You are part of the U.S.A.’s most despised religious minority; although Atheists are overrepresented in the U.S. armed forces, and underrepresented in U.S. prisons, and have not shown a tendency to fly planes into skyscrapers.
I prefer my own source, it clearly states its methods and subject group, and it accurately reflects my own experiences. I knew plenty of University level and Professional Scientists, and around 2/3rds (or more)are people of faith (as the study suggested); I have never met (AFAIK) a member of the National Academy of Sciences (the group polled that showed that very few of “elite” Scientists are believers).
I am in agreement that there is nothing as perplexing as an evangelical atheist.
It’s more than that, I think.

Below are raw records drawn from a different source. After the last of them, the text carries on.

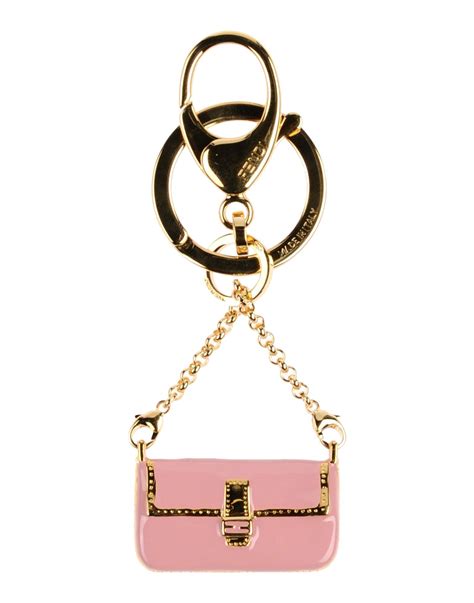 fendi key chain|fendi luggage keyring.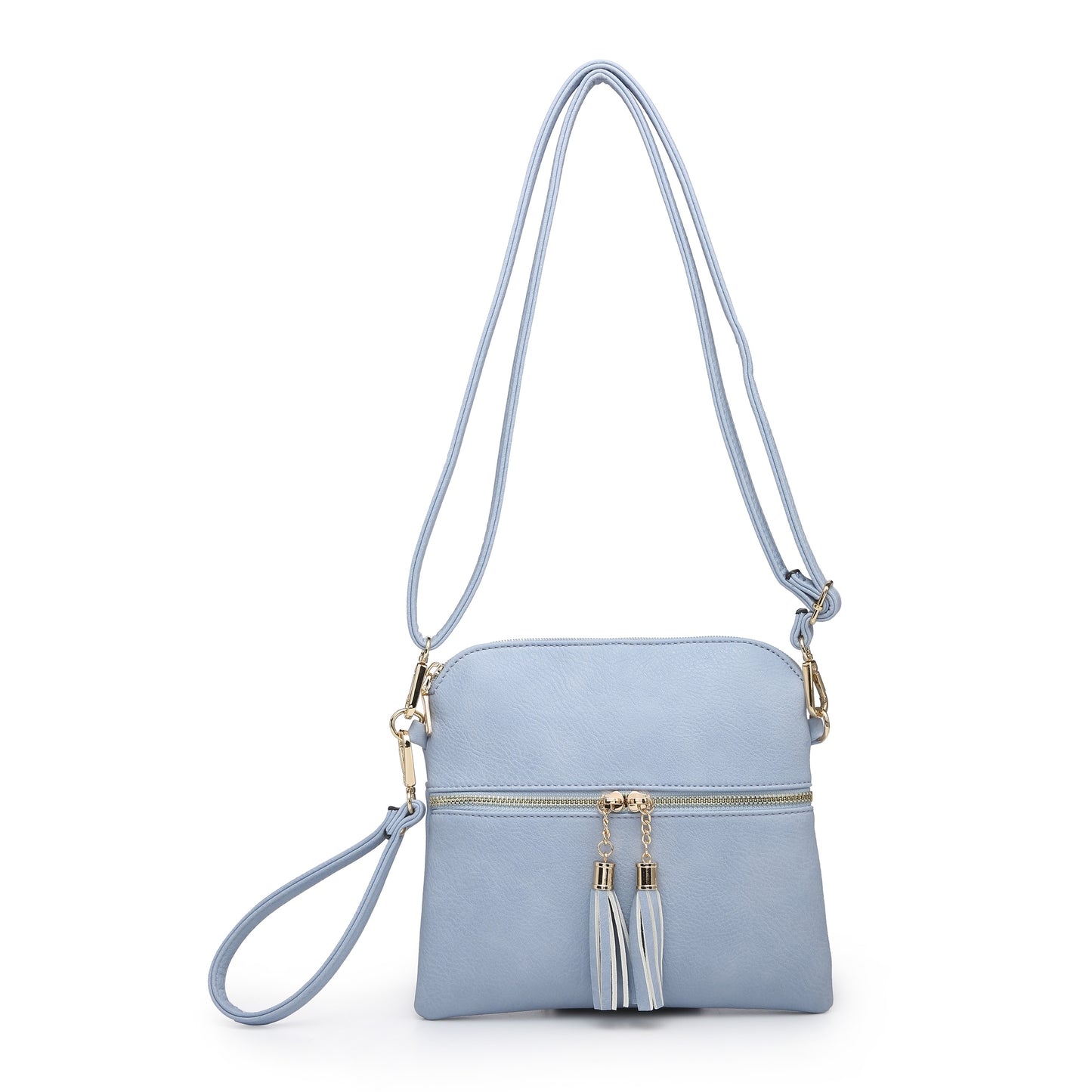 Tara Tassel Vegan Leather Crossbody Bag - Periwinkle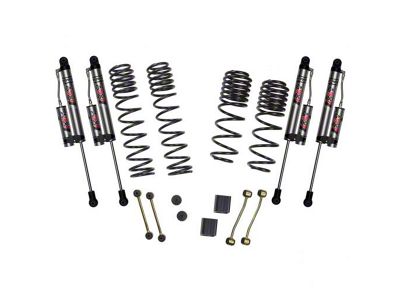 SkyJacker 2.50-Inch Dual Rate Long Travel Suspension Lift Kit with ADX 2.0 Remote Reservoir Shocks (21-24 Jeep Wrangler JL Rubicon 4xe)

I find the attitude in many atheist today toward Christians akin to the attiude in Germany toward Jews before the war. I think it’s a bit frightening.
I’m an atheist but the last thing I want to see happen in this country is its secularization like that of Europe. I think it is dangerous to take all of a person’s values away, even if the source of them is mistaken. You can at least reason with a person who believes in something, the people of Europe believe in nothing, and what you get is a society of subjectivist hedonists with no values and nothing to live for but the next immediate pleasure.
“prefer my own source”
The other is not “my source” because I distrust most statistics. Personally I don’t care about the numbers and the original point was that for most very serious scientisits, their religious position, whatever it might be, in my experience at least, is a separate issue from their science.
Thanks for interesting and reasonable comments, by the way.